The rain suddenly let up, and I glanced at the sky, then back to Honey. “That’s right.”
“And it could also apply to Becky Valencia’s death?”
“Yes. The coroner said she had an orgasm before she died. She was surrounded by thirteen black candles, giving us the religious element. And collapsed lungs would have been a hellish, excruciating experience.”
“Sex, religion, and fear. All three elements.” Honey absentmindedly rubbed her temple. “You said you had a second theory.”
“It involves secular ritual killing—no religion involved. I’m still working out the kinks. You check Drake’s cell?”
“He didn’t make any calls or texts after we picked him up,” said Honey.
“Someone was watching him. Or us. Maybe one of the Skulls.”
“Could Fournier have set the fire?”
“Why would he? As a vendetta?” I asked. “He couldn’t put Drake away after trying for fifteen years, so he burns down his curio shop instead? I don’t buy that.”

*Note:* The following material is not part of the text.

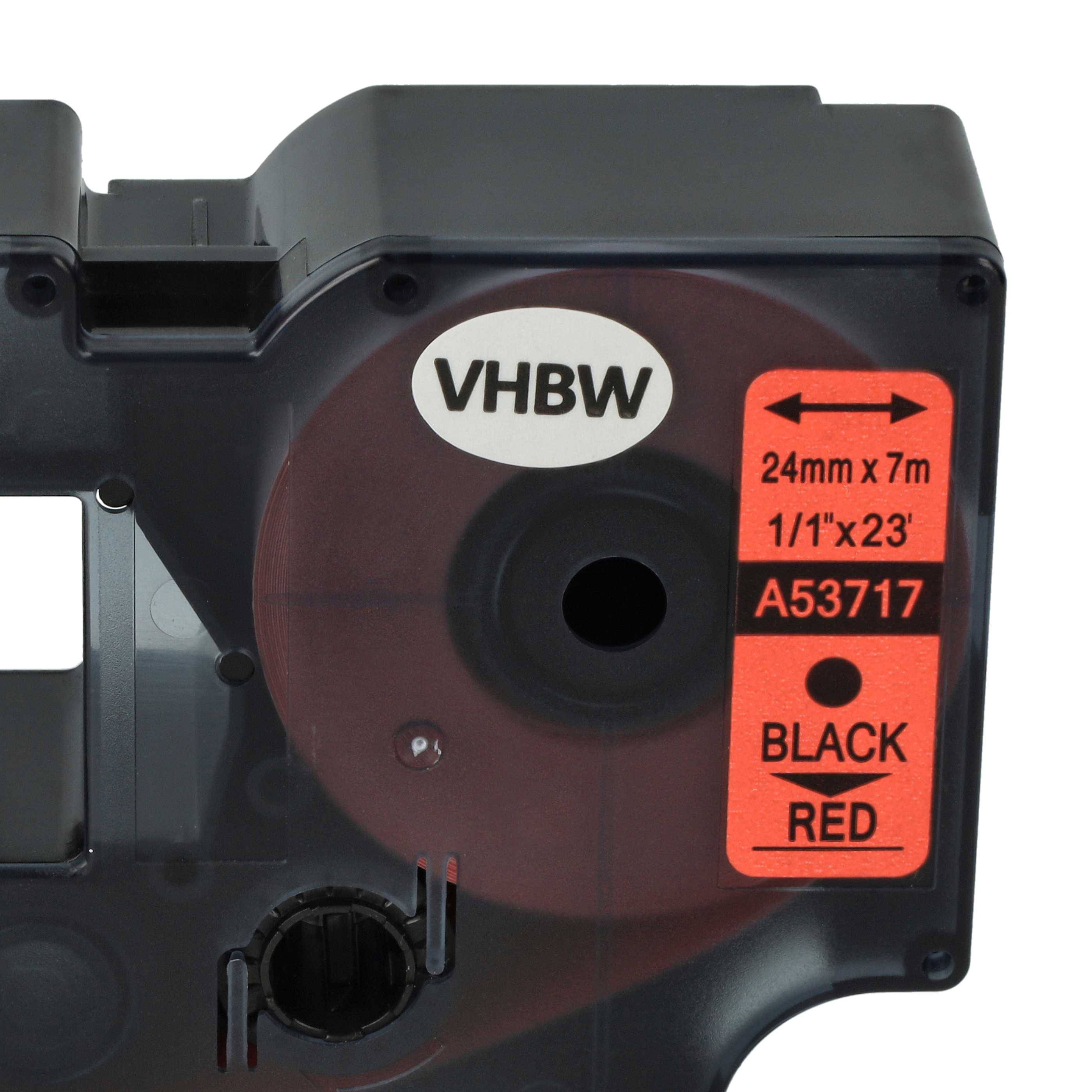 vhbw Schriftband-Kassette kompatibel mit Dymo LabelManager 400, 450D, 450, 500TS, 500, 300 Etiketten-Drucker 7m x 24mm Schwarz auf Rot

“Could Drake and Fournier be working together?”
I smiled at Honey and pointed my finger. “Congratulations! That is the single most cynical, jaded, paranoid speculation I’ve ever heard you make. I like that. And it might explain why Fournier’s niece is hooked up with Townsend.”

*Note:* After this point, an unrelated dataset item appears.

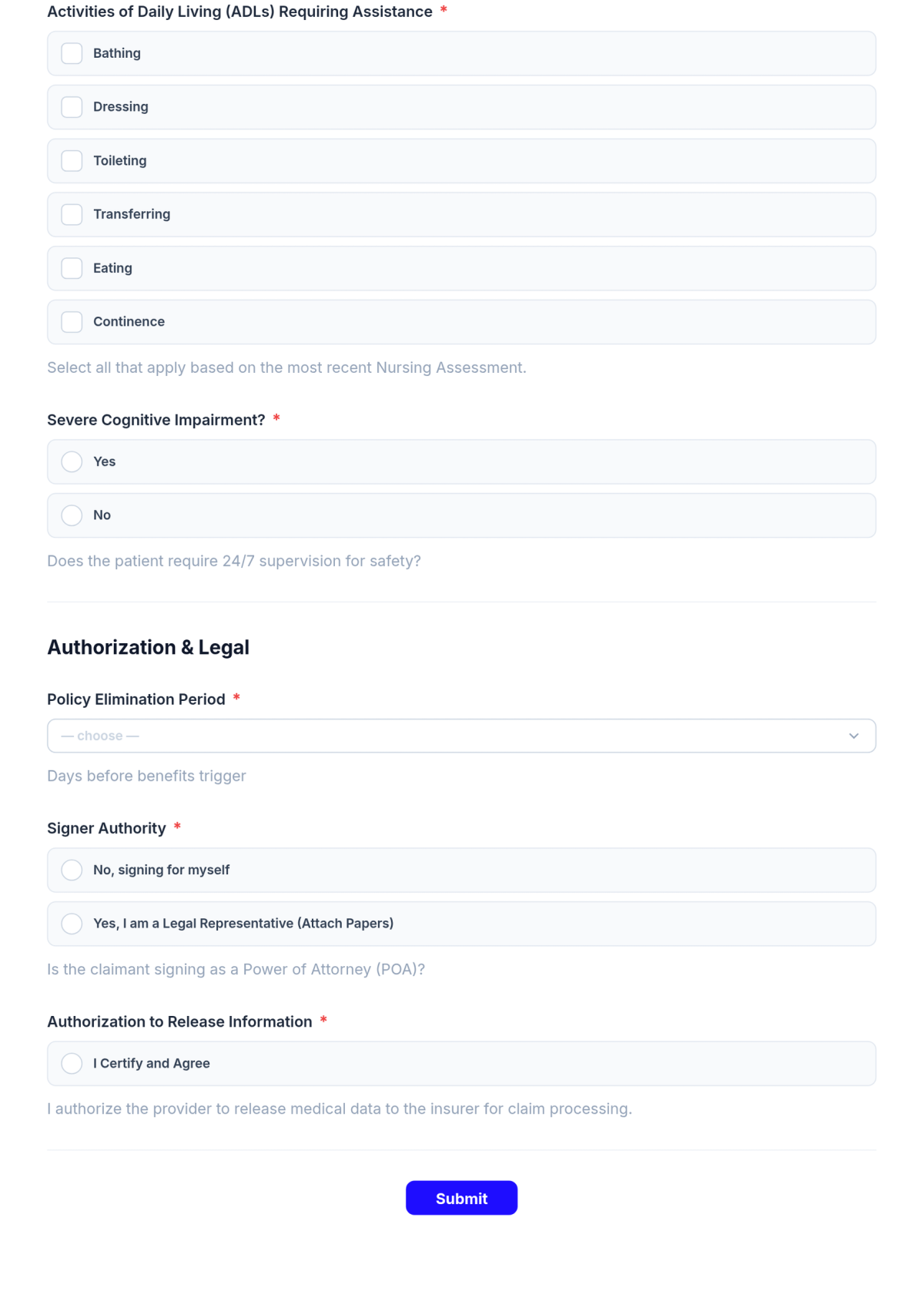 Free Nursing Home Insurance Claim Form Template & AI Maker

I looked up at the sky, working my brain as I considered the possibility. “Based on the facts we have now, I’d have to say no. But we should keep the notion open as a remote possibility.”
“Okay. But I want Fournier brought in. He’s got some explaining to do.”
I nodded.
“Do you believe Drake moved all of his possessions into his shop and then burned them up?” Honey asked.
“Absolutely not. Might be worth getting some people on the phones, checking the storage facilities, furniture movers, freight forwarders to see if we can find where Drake is stashing his goods.”
“Agreed.”
“One more thing. We have another death to add to this case. Jackson, the UPS driver, was killed in a traffic accident today. Drake practically told me I was next.”
Honey looked shocked.
“Kruger can take Drake downtown. Let’s you and me go find the patrol officers who responded to Jackson’s accident scene.”